Each juicy bite has significant levels of vitamins A, B6 and C, lots of lycopene, antioxidants and amino acids. There’s even a modest amount of potassium.
Watermelons have become synonymous with summer and picnics, and for good reason. Their refreshing quality and sweet taste help to combat the heat and provide a guilt-free, low maintenance dessert.
There are five common types of watermelon: yellow, orange, mini (also known as personal) seeded, and seedless.
Facts on Watermelons:
- The watermelon has been cultivated for thousands of years, with evidence stretching back to the Ancient Egyptians – who were expert cultivars.
- The watermelon (Citrullus lanatus) is related to cucumbers, pumpkins and squash.
- Over 90 percent of a watermelon is water.
- A seedless watermelon is a sterile hybrid, which is created by crossing male pollen for a watermelon, containing 22 chromosomes per cell, with a female watermelon flower with 44 chromosomes per cell. When this seeded fruit matures, the small, white seed coats inside contain 33 chromosomes, rendering it sterile and incapable of producing seeds.
- Egyptians placed watermelons in the burial tombs of kings to nourish them in the afterlife. The first recorded watermelon harvest is depicted in Egyptian hieroglyphics from about 5,000 years ago.
- According to the Food and Agriculture Organisation of the United Nations (FAO), China is the top producer, with 75 million produced in 2014.
- About 200 to 300 varieties are grown in the United States and Mexico, but only about 50 varieties are very popular.
- The watermelon is the official state vegetable of Oklahoma.
- The first cookbook published in the United States in 1776 contained a recipe for watermelon rind pickles.
- Guinness World Records says the world’s heaviest watermelon was grown by Lloyd Bright of Arkadelphia, Arkansas, in 2005. It weighed 268.8 lbs. (121.93 kg).
- Watermelon is thought to aid conditions including asthma, cancer, and inflammation.
- Early explorers used watermelons as canteens.
- The Moors in the 13th century brought watermelons to Europe.
- The watermelon probably originated in the Kalahari Desert in Africa.
- All parts of a watermelon can be eaten, even the rind.
The Benefits of the Watermelon
– Watermelon’s high levels of lycopene are very effective at protecting cells from damage and may help lower the risk of heart disease (according to a study at Purdue University)

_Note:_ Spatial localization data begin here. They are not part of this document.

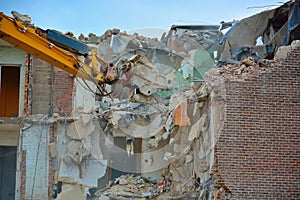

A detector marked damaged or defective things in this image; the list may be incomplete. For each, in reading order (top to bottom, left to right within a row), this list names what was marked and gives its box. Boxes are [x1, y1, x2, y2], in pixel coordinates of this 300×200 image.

torn roof section [218, 0, 300, 62]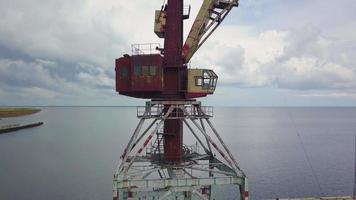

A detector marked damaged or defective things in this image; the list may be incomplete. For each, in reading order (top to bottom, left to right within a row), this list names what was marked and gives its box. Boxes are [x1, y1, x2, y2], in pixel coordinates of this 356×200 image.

rusty metal structure [114, 0, 248, 199]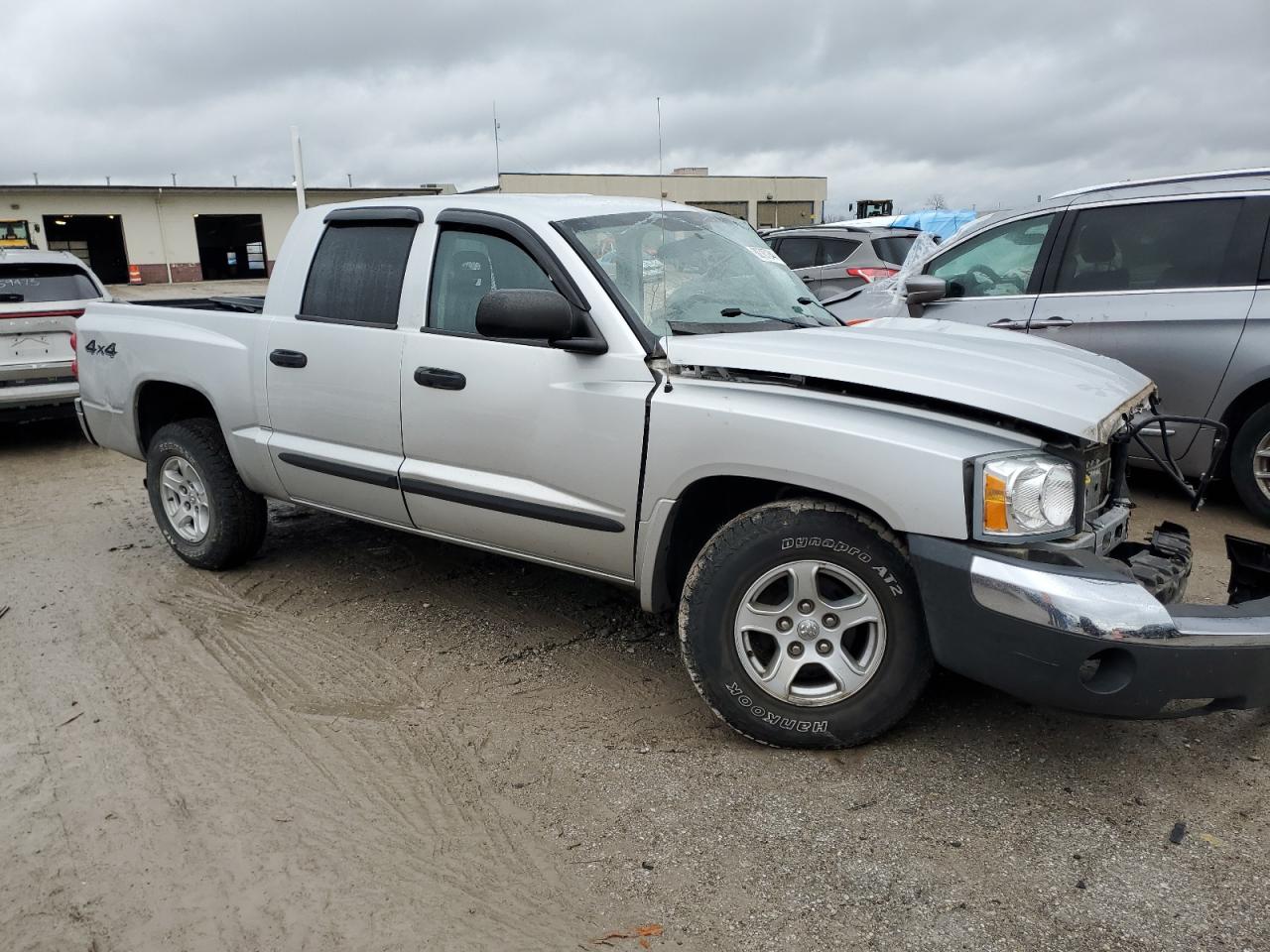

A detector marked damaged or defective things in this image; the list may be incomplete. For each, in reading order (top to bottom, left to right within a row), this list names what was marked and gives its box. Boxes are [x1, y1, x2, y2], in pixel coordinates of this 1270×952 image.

cracked windshield [559, 210, 837, 337]
damaged vehicle bumper [909, 531, 1270, 715]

– Lycopene in watermelon is an inhibitor for various inflammatory processes and also works as an antioxidant to neutralize free radicals.

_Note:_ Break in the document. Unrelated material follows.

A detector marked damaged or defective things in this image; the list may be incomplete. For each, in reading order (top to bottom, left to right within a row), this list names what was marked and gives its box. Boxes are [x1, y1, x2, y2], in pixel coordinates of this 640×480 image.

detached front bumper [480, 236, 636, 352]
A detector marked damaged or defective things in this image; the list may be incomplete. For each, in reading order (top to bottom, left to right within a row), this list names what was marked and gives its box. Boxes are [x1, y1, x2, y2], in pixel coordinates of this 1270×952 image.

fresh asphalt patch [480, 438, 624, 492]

– Watermelon is a fruit, and has many of the associated benefits including weight loss and energy levels.
– Watermelons help with overall hydration, we can get 20-30 percent of our fluid needs through our diet alone, and foods like these certainly help.

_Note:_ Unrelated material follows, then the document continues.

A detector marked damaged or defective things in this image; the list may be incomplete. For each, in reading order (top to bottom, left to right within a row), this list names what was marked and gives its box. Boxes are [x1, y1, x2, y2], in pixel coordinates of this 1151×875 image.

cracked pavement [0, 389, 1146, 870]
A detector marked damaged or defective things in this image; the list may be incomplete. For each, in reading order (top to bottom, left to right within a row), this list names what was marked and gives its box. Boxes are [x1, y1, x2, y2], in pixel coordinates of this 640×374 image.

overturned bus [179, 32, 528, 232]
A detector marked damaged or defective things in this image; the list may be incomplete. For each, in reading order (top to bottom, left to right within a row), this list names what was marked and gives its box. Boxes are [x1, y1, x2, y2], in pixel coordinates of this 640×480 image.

– Watermelon juice is full of good electrolytes. This can even help prevent heat stroke.
– The watermelon contains fiber, which encourages a healthy digestive tract and helps keep you regular.
– Many studies have suggested that increasing consumption of plant foods like watermelon decreases the risk of obesity and overall mortality, diabetes, and heart disease.
– Just a cup of watermelon contains nearly one-quarter of your recommended daily intake of it vitamin A, helps keep skin and hair moisturized, and it also encourages healthy growth of new collagen and elastin cells.
– Drinking watermelon juice before an intense workout helps reduce next-day muscle soreness and heart rate, this can be attributed to watermelon’s amino acids citrulline and arginine, which help improve circulation.
– Like other fruits and vegetables, watermelons may be helpful in reducing the risk of cancer through their antioxidant properties. Lycopene in particular has been linked to reducing prostate cancer cell proliferation.
– Blended – place diced watermelon and a few ice cubes in a blender for a cold, refreshing electrolyte drink that is perfect for rehydrating after exercise or a day on the sun.
Here’s what you need to look for in order to spot the perfect watermelon specimen
There’s a definite art to picking the very best watermelons. It involves weighing the watermelon between your hands, turning it over, and giving it a firm thwap on the underside. Why? A heavy watermelon with a splotch on its belly and a hollow sound means it is brimming with juice and at the peak of its ripeness.
How to Pick a Watermelon at the Grocery Store
– Big or small, the watermelon should feel heavy for its size.
– Look for the yellow spot, watermelons develop a splotch where they rest on the ground. When this splotch is creamy yellow, it’s ripe.
– Tap the underbelly of the watermelon. A ripe one will have a deep hollow sound.